ADEumAgentConfiguration *adeumAgentConfig = [[ADEumAgentConfiguration alloc] initWithAppKey:<#EUM_APP_KEY#>];
// Set the Collector URL and Screenshot Service URL to the EUM Server URL.
adeumAgentConfig.collectorURL = <#COLLECTOR_URL:PORT#>;
adeumAgentConfig.screenshotURL = adeumAgentConfig.collectorURL;
[ADEumInstrumentation initWithConfiguration:adeumAgentConfig];
OBJ-C
let configuration = ADEumAgentConfiguration(appKey: <#EUM_APP_KEY#>)
// Set the Collector URL and Screenshot Service URL to the EUM Server URL.

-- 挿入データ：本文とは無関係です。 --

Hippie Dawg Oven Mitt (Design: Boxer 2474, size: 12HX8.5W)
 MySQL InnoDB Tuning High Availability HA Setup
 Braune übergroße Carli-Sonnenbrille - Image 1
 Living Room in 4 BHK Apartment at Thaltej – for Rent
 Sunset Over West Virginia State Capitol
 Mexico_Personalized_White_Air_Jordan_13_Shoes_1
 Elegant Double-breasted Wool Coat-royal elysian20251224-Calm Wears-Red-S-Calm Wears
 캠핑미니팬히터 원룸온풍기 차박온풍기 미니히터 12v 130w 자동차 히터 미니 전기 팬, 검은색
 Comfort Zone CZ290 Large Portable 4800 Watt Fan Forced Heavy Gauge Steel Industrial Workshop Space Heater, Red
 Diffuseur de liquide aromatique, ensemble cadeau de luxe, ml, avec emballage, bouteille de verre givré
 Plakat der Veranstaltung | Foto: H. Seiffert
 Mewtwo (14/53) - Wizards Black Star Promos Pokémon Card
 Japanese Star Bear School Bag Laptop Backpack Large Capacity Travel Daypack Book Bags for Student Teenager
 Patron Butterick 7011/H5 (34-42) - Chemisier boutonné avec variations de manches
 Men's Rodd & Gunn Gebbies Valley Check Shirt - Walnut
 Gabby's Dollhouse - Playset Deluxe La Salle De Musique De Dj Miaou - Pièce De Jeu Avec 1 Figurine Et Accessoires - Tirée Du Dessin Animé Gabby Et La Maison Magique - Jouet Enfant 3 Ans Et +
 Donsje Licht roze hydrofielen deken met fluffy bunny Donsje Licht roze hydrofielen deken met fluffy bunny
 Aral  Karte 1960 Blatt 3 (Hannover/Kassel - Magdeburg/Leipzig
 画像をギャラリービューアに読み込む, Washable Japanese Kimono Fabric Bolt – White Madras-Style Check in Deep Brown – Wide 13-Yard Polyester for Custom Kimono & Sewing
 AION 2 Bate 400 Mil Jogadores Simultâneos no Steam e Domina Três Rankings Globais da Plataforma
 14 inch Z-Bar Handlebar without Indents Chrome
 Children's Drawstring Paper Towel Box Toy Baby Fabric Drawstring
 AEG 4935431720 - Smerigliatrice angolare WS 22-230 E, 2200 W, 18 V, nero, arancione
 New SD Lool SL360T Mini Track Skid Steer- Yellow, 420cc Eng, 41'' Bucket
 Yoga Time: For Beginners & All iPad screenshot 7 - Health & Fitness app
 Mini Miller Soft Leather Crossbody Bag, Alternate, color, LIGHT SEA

config.collectorURL = <#COLLECTOR_URL:PORT#>
config.screenshotURL = config.collectorURL
ADEumInstrumentation.initWith(configuration)
SWIFT

オンプレミス EUM Server にビーコンを送信するための HTTP の有効化

オンプレミス EUM サーバを使用している状況で、HTTP を使用してビーコンを EUM サーバにディスパッチする場合、iOS 9 以降では、アプリケーションの info.plist ファイルにフラグを設定して、セキュアでない接続の使用を許可できるようにする必要があります。デフォルトでは、HTTPS が App Transport Security(ATS)によってすべての iOS 9 アプリケーションに適用されます。また、iOS エージェントは EUM クラウドで使用されている場合は ATS に準拠します。